Q: After all, that’s a very important point.
A: There is something there that connects to my spirit. It may be that if that’s not so then one cannot understand.
Q: Somehow we all treat the words “Aiki is Love” as a separate subject from technique, but according to what you are saying the two things cannot be separated as far as Aikido is concerned.

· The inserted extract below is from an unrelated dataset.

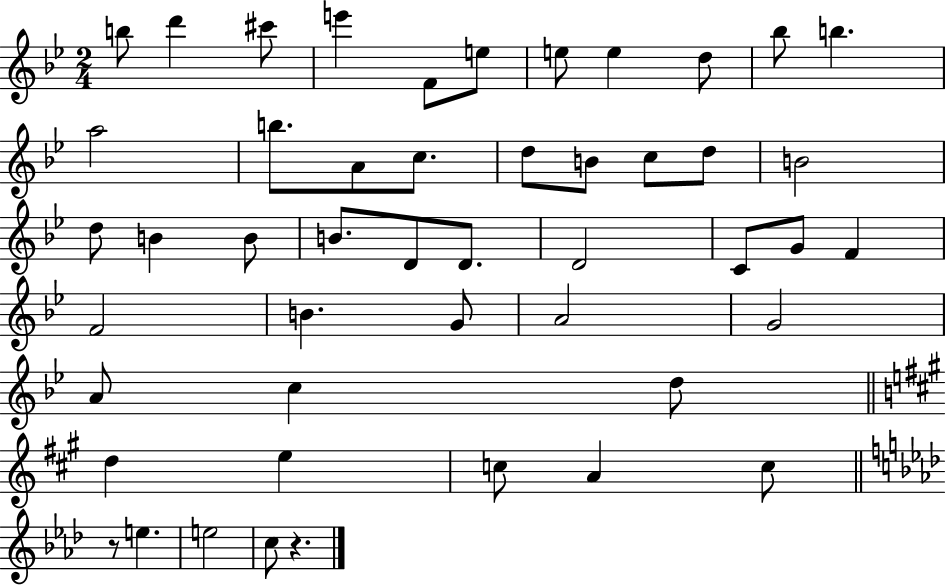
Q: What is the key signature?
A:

A: Yes, that’s right. I think that this is the reason why the Founder left us the words “What will make World Peace is this Aikido” (世界を平和にするのはこの合気道である) in his writings. If what makes World Peace is Aikido, then the techniques that are appropriate for that path must emerge. Because Aikido is a physical art. However, if one just pursues technique while leaving the words of the Founder incomplete then they will remain mired in the region of Kata. I think that since the Founder was so strong that, even more, the techniques became transmitted as Kata in some ways. In my case I think that it happened naturally. Before the Founder left for Tokyo he said “This Budo will flourish in the Land of Fire” (Note: “Land of Fire” / 火の国 is another name for Kumamoto) – I believe that what I am doing now is what the Founder predicted then. This calligraphy (Note: shown above) was given to me by the Founder in Showa year 36 (1966), can you see there where it says “The Mother of Takemusu Aiki” (武産合気の母)? That is the creator. One senses the connection to Intent.

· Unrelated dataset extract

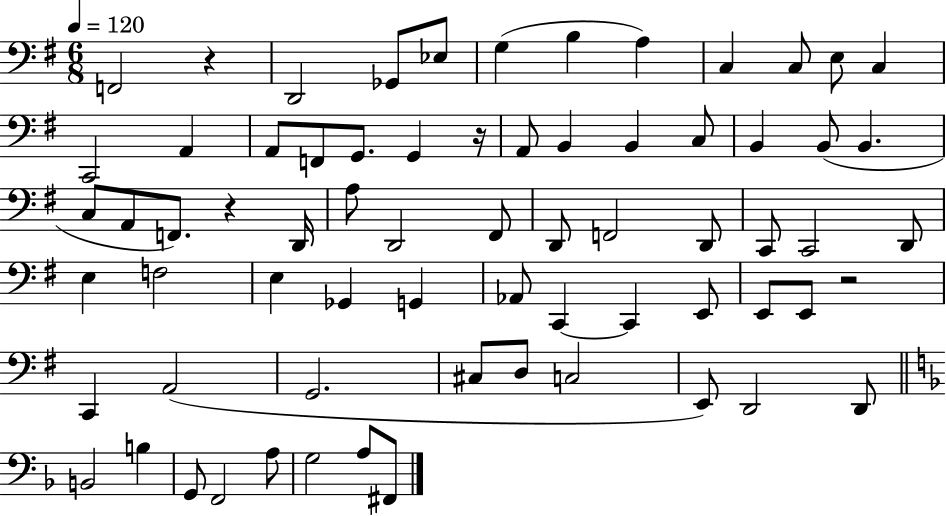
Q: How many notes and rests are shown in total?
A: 69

Q: Speaking of connection, each month at the workshops you have the students take your hand directly.
A: I am turning 81 this year, and of course there are some things that must be transmitted through having them directly take my hand. I’m not just doing this because that’s how we practice every day, this is training in Intent. Although no matter what you do some of your physical power will decrease with age…
Q: You said that it was a smaller group than usual today, but even so you had almost fifty people take your hand, didn’t you?
A: So what that means is that my “forearm” has changed so that it is easier to grasp my “skill” (Note: here Sunadomari Sensei makes a pun on the words for “forearm” and “skill”). Especially since I’ve lost weight as I aged.
Q: So you are transmitting this “skill” (“forearm”)!
A: In the end, even now in my everyday training I think about how to express the words of the Founder in my technique. That is my Shugyo. It is because of this that I do not teach Aikido as Kata. As the Founder said, “There is no Soke in Budo” (武道に宗家がないんだ) – each person training on their own path, walking that path, this is an important state of mind for those learning Budo. In my case, I think that finding how to express the Mind of the Founder in Aikido, and how to spread that to the world has been important. In that sense, it has been one of my goals to create a place where the doors can be opened wide to all people.